On rights denied to Jews on the Mount, Attorney Rom notes it is puzzling to him that no one talks about this issue, and in his lectures abroad on human rights violations on the Mount complex "people are shocked and horrified. Who arrests whom and why? Everyone knows you can't pass an anti-prayer law. Surely it's inconceivable that Muslims or Christians would be banned from praying in Jerusalem, so how does the Right-wing government prohibit prayer on the Temple Mount?

"How does it happen that if you're a Jew you'll wait hours and hours before entering the Temple Mount and if you are a tourist you go through an abbreviated procedure? How does it happen that contrary to the law when you walk on the Temple Mount, cops surround you, watch you, and watch your movements, and people who call themseves 'Waqf' walk around and that's also illegal. This is threatening harassment and the Supreme Court had its word about that.

"There's been improvement over the past year, but we're still far from the optimal situation and a big shout has to be raised about the violation of human rights. It's unimaginable that a Jew cannot say Shma Yisrael on the Temple Mount. This slackness may have come from the Moshe Dayan era, but it's come the time to fix it."

Regarding Glick's remarks a few weeks ago about improvement in Temple Mount prayer, Attorney Rom says he prefers not to emphasize the story because "it was intended either so that the trend won't stop or because it's not enough. We're far away from the natural way things should be and the law.

"A Jew and a gentile can go to Jerusalem without being arrested even when they pray. These are racist regulations that hurt the Jewish People and the Zionist movement," says Rom, who is convinced that presenting the issue as what it is - a human rights issue - will gain an attentive ear in the world. "It's impossible to talk about human rights while precisely in Jerusalem the most basic things for us as a free people do not happen."

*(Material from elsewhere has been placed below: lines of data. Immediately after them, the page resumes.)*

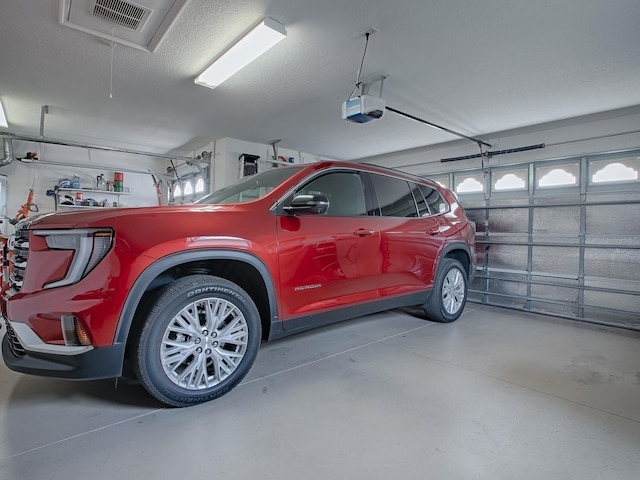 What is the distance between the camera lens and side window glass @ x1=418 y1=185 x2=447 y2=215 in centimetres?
361

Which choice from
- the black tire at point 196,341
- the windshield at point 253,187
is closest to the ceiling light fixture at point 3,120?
the windshield at point 253,187

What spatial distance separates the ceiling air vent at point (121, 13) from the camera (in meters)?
2.58

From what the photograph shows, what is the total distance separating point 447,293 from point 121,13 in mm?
4156

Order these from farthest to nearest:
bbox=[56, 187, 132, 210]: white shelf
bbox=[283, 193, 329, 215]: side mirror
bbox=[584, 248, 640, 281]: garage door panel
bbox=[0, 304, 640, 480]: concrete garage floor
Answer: bbox=[56, 187, 132, 210]: white shelf < bbox=[584, 248, 640, 281]: garage door panel < bbox=[283, 193, 329, 215]: side mirror < bbox=[0, 304, 640, 480]: concrete garage floor

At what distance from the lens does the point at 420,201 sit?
3492mm

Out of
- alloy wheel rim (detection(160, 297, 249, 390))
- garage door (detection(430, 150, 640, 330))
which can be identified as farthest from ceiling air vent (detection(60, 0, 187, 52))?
garage door (detection(430, 150, 640, 330))

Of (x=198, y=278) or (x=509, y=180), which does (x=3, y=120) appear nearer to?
(x=198, y=278)

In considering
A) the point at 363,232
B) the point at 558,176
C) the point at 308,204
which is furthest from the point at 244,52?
the point at 558,176

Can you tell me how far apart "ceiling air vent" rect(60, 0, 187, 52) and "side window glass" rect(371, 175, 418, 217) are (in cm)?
218

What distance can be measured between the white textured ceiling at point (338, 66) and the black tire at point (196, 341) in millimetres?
2270

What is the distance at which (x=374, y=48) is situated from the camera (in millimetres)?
3143

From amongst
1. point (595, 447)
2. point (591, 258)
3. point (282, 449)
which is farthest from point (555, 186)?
point (282, 449)

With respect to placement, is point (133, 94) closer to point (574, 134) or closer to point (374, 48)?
point (374, 48)

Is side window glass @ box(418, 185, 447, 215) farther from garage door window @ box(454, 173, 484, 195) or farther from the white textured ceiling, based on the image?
garage door window @ box(454, 173, 484, 195) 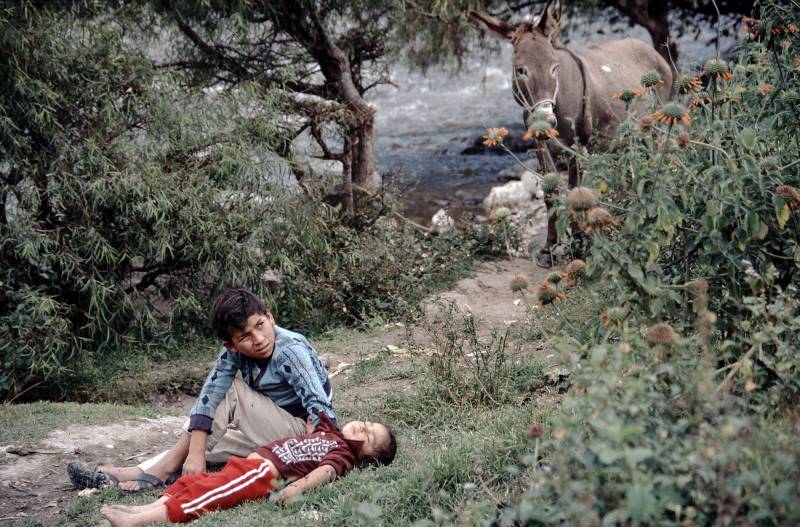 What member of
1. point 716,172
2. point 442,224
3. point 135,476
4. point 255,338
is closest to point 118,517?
point 135,476

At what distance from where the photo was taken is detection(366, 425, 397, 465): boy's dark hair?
398 cm

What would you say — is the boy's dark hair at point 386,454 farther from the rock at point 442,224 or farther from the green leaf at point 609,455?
the rock at point 442,224

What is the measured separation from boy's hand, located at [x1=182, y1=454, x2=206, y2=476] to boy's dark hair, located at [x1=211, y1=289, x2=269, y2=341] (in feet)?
1.91

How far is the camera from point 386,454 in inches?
157

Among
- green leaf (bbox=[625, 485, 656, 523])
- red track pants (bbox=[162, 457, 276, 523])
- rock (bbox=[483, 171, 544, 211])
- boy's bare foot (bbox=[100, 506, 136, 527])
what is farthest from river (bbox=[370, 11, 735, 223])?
green leaf (bbox=[625, 485, 656, 523])

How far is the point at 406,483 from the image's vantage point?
137 inches

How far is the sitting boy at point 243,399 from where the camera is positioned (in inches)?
161

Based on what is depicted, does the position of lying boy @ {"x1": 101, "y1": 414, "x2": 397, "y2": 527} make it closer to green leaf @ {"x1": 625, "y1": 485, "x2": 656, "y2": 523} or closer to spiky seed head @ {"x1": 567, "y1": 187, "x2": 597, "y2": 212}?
spiky seed head @ {"x1": 567, "y1": 187, "x2": 597, "y2": 212}

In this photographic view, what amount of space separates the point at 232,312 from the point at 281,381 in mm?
462

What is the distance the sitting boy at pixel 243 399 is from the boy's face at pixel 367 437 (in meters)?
0.13

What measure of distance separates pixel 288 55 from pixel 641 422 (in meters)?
7.28

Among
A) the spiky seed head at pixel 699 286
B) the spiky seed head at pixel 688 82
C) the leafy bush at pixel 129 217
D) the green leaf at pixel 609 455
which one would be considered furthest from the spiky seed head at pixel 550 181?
the leafy bush at pixel 129 217

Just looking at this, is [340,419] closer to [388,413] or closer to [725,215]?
[388,413]

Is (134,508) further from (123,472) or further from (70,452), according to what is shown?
(70,452) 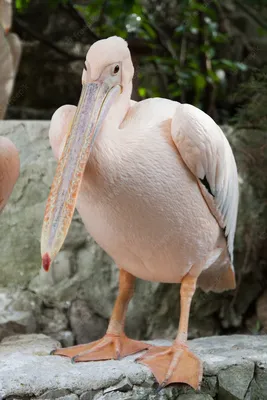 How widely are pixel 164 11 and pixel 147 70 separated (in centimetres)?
52

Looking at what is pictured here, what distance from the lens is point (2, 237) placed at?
290cm

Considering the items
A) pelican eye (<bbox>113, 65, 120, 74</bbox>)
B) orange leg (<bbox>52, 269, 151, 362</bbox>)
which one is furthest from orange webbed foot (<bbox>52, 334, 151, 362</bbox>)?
pelican eye (<bbox>113, 65, 120, 74</bbox>)

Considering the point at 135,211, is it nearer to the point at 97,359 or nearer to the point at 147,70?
the point at 97,359

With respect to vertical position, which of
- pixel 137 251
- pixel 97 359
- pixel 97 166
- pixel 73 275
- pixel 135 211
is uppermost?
pixel 97 166

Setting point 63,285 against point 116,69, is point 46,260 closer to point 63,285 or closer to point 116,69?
point 116,69

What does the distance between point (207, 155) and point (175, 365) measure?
64 centimetres

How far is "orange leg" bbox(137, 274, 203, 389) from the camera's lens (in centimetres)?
190

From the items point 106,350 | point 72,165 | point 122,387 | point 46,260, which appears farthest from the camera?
point 106,350

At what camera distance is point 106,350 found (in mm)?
2061

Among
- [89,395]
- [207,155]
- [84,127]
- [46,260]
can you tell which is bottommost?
[89,395]

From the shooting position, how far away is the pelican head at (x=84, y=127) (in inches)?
65.0

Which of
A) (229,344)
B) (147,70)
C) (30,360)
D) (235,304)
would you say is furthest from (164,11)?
(30,360)

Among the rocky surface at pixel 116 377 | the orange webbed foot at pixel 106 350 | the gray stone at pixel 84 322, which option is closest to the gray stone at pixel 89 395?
the rocky surface at pixel 116 377

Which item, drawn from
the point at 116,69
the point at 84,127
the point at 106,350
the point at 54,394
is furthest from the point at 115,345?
the point at 116,69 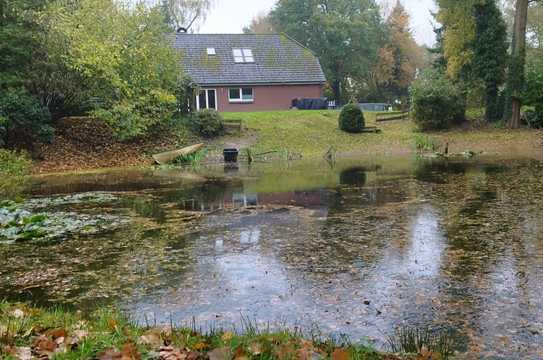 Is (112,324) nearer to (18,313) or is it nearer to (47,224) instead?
(18,313)

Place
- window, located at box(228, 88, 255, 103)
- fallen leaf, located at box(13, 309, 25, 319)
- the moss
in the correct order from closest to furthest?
fallen leaf, located at box(13, 309, 25, 319), the moss, window, located at box(228, 88, 255, 103)

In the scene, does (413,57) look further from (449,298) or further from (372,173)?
(449,298)

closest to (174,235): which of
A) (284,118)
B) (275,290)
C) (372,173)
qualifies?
(275,290)

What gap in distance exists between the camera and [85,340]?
11.4 ft

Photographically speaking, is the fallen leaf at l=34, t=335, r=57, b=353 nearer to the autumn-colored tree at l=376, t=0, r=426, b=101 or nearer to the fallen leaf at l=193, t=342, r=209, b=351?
the fallen leaf at l=193, t=342, r=209, b=351

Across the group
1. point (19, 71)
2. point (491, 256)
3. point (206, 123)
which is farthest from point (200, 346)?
point (206, 123)

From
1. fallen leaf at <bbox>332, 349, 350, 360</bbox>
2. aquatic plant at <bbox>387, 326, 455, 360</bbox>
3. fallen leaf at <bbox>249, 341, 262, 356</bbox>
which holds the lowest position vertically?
aquatic plant at <bbox>387, 326, 455, 360</bbox>

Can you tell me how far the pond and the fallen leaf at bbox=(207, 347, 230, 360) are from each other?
152cm

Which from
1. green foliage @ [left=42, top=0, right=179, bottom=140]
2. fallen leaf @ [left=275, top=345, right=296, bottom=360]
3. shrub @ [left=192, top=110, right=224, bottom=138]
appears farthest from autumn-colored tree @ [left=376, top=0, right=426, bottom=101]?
fallen leaf @ [left=275, top=345, right=296, bottom=360]

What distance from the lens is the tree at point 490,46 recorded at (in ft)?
91.1

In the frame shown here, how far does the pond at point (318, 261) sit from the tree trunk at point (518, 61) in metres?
15.7

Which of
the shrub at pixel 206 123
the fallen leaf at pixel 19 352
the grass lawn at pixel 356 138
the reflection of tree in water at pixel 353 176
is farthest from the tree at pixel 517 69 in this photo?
the fallen leaf at pixel 19 352

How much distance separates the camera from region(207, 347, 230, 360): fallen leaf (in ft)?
10.3

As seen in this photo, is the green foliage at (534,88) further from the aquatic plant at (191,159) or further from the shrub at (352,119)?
the aquatic plant at (191,159) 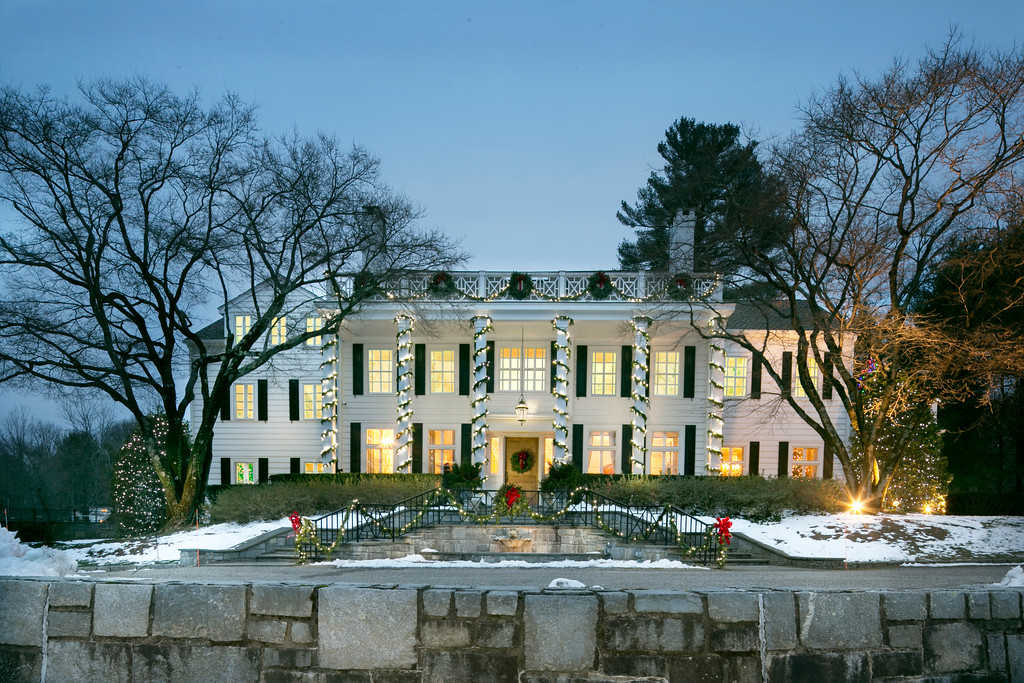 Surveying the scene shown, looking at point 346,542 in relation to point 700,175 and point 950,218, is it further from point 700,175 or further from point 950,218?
point 950,218

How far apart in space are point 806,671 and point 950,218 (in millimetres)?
16900

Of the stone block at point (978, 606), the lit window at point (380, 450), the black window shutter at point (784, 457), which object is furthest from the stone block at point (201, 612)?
the black window shutter at point (784, 457)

He says the police are well aware that you cannot claim a public arrest for a Temple Mount prayer, so they make allegations of assaulting a police officer and disturbing the public order. "This brings police to false accusations because they cannot admit that they arrested someone for praying. This must stop. If Muslims are allowed to play soccer in the place of the Holy of Holies, the Jewish People in its capital must also have the opportunity to pray."